Walk along 53rd Street in Manhattan going east, and you probably won’t even notice this remnant of the Cold War between 5th and Madison. A cursory glance into the small plaza off to the left reveals nothing more than a thin slab of concrete.
Coming from the other direction, however, you will spot five segments of the Berlin Wall serving as a backdrop to a seating area where New Yorkers relax over a cup of coffee.
Jerry Spyer, the real estate mogul that owns the plaza, purchased it from the East German government and placed it here a year after the wall came down. This particular part of the wall came from Waldemarstrasse in Kreuzberg, Berlin.

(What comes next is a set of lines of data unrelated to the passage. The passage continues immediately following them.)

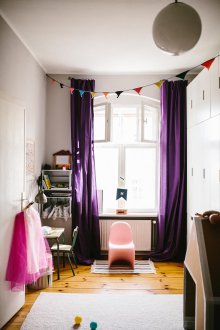 Kinderplan mit lila Vorhängen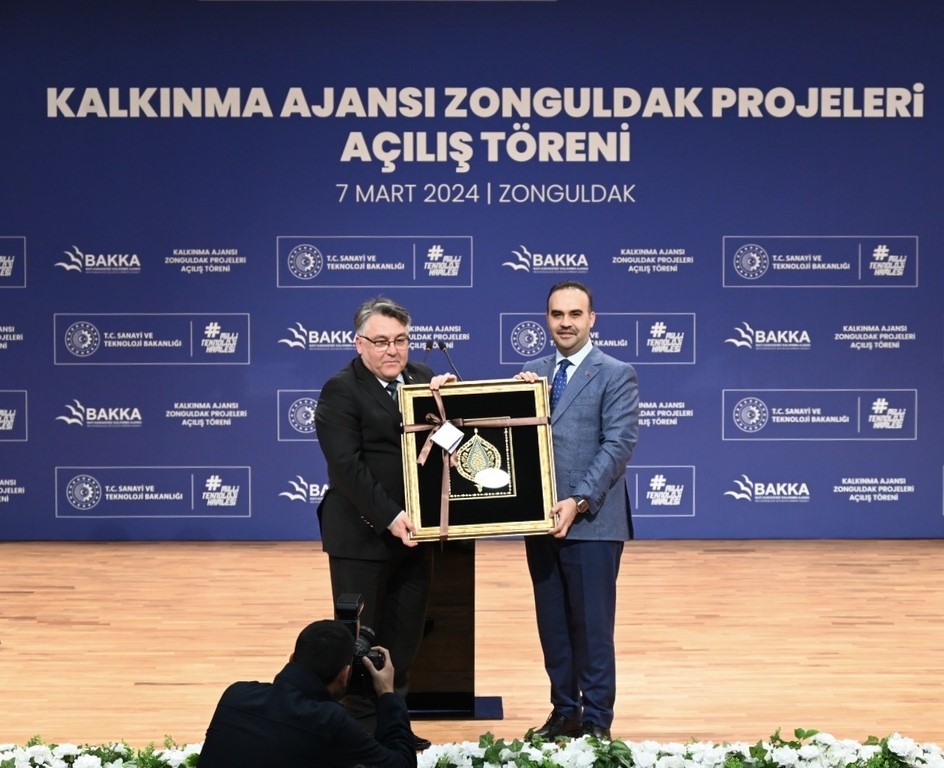 Bakan Kacır, BAKKA&rsquo;nın 12 projesinin a&ccedil;ılışını ger&ccedil;ekleştirdi
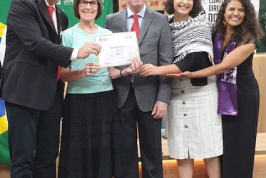 Sr Margaret receives her human rights award in Brazil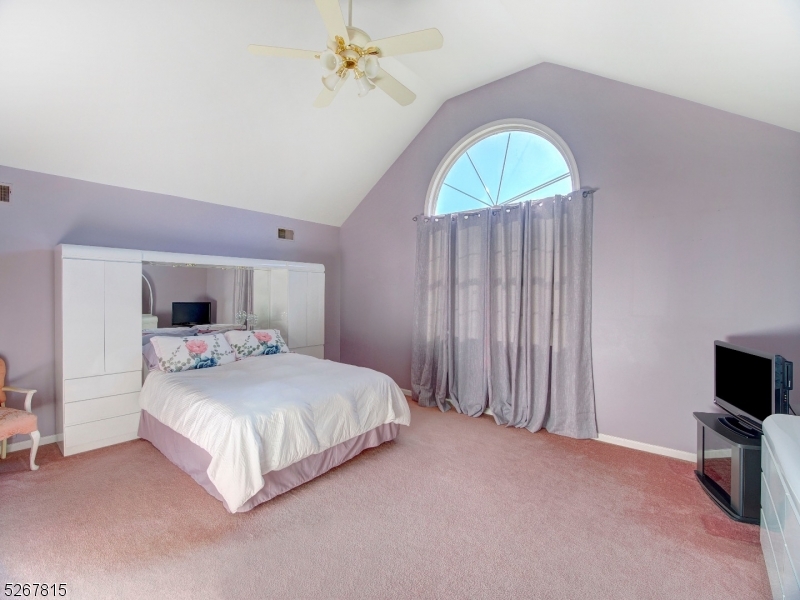 POETS PEAK - Residential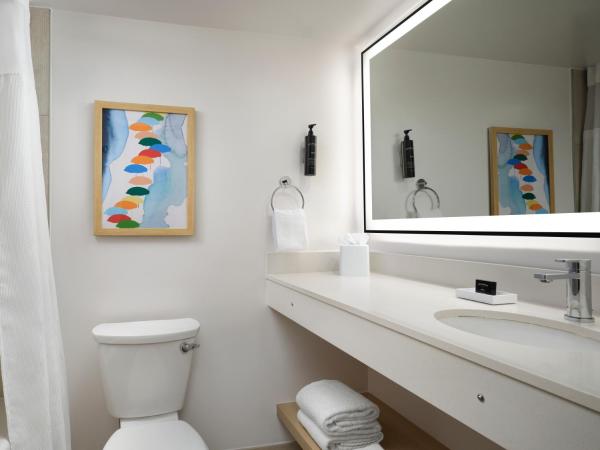 The Ellie Beach Resort Myrtle Beach, Tapestry By Hilton : photo 4 de la chambre suite junior lit king-size avec coin salon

The graffiti murals are the work of artists Thierry Noir and Kiddy Citny who, together with Christophe Bouchet in 1984, were the first people to dare deface the wall. Their aim was not to beautify it; rather they wanted to ridicule it and what it stood for. It was a hugely risky act of political protest, as the Berlin Wall was built a couple of metres inside the official border of East Germany and the East German soldiers could arrest anyone caught in the vicinity of the wall because they were trespassing on East German soil. These daring artists worked under cover of the night, always in groups, with at least one person keeping an eye out for soldiers. There were certain spots that were too dangerous to paint, particularly the covert concrete doorways that were hidden along the wall’s length. As the murals spread along the wall, so did public interest, and passers-by were often recruited to help out, under guidance from Noir, Bouchet, Citny and fellow artists.
It’s all to easy to forget the extraordinary act of political revolt these murals represent, but if you take a moment to look behind the concrete structure in the heart of Manhattan, it will become all too clear, as the back of the wall is riddled with bullet holes. Bullets that were shot at people trying to escape. Bullets that killed people.